### About this exercise
Exact reproduction is required for the lines below starting at the line with "5th image of 5909 N Cobbler Ln" and ending at the line with "124 W Highland St, Siloam Springs, AR 72761", both included. No other lines, and no pictures.

### Given entries
··········

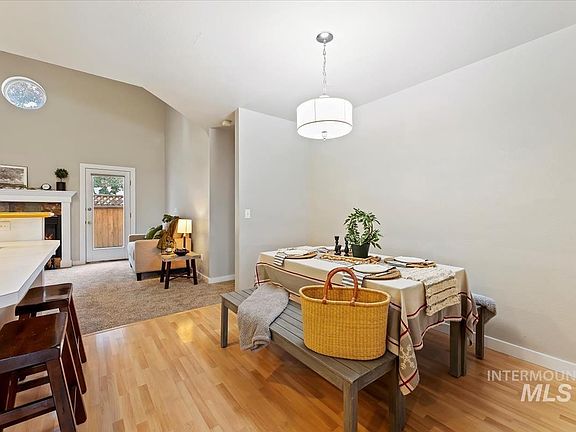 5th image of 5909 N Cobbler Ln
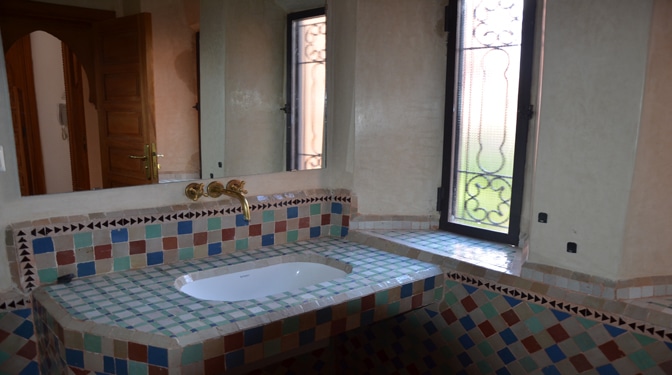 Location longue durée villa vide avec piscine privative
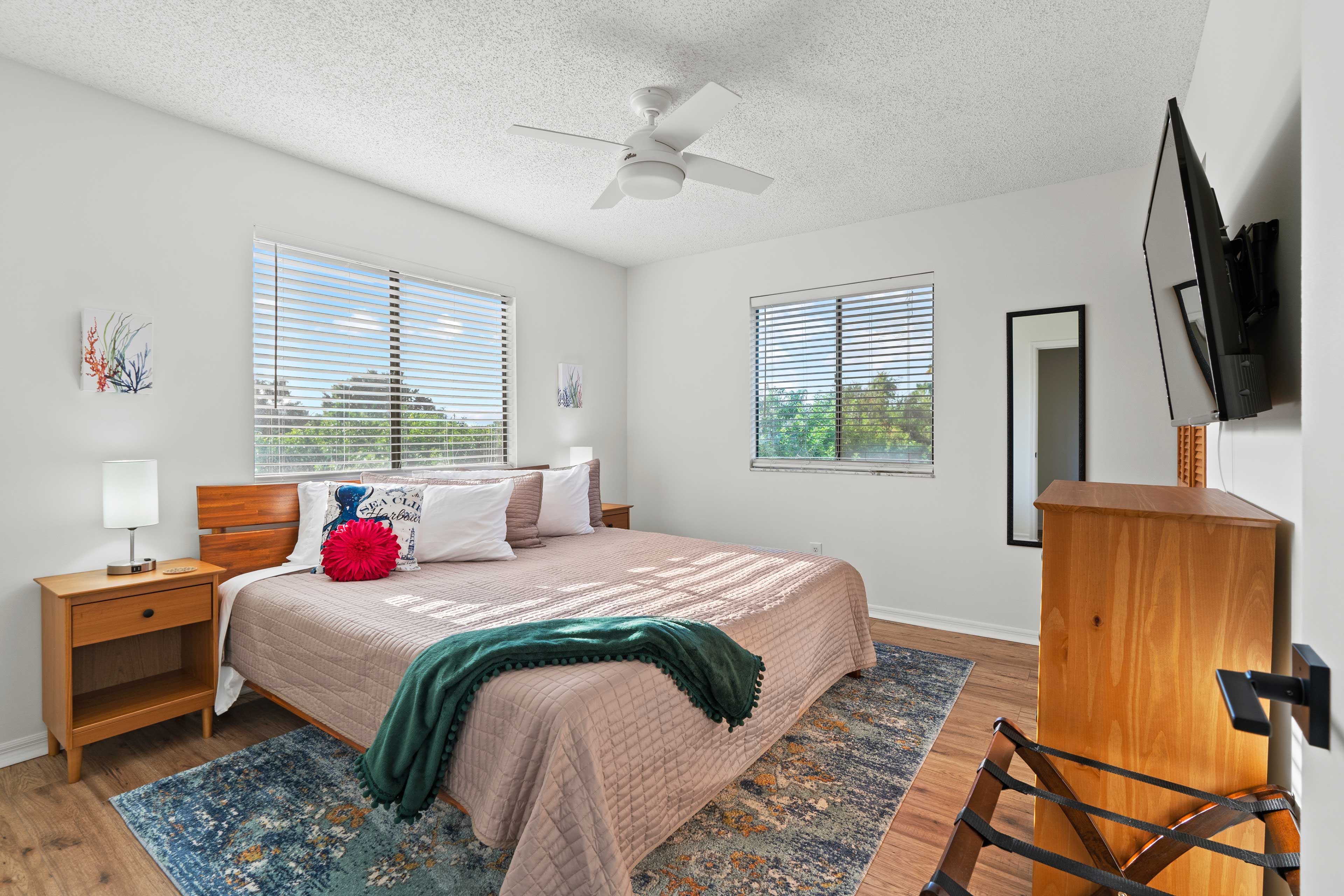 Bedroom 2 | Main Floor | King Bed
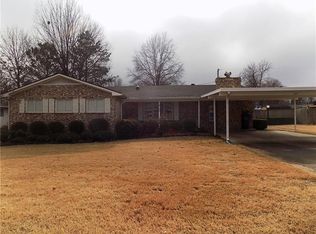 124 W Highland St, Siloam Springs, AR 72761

··········

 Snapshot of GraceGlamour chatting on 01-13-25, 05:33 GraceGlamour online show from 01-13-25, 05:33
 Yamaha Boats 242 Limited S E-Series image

··········

### Response for this exercise
 5th image of 5909 N Cobbler Ln
 Location longue durée villa vide avec piscine privative
 Bedroom 2 | Main Floor | King Bed
 124 W Highland St, Siloam Springs, AR 72761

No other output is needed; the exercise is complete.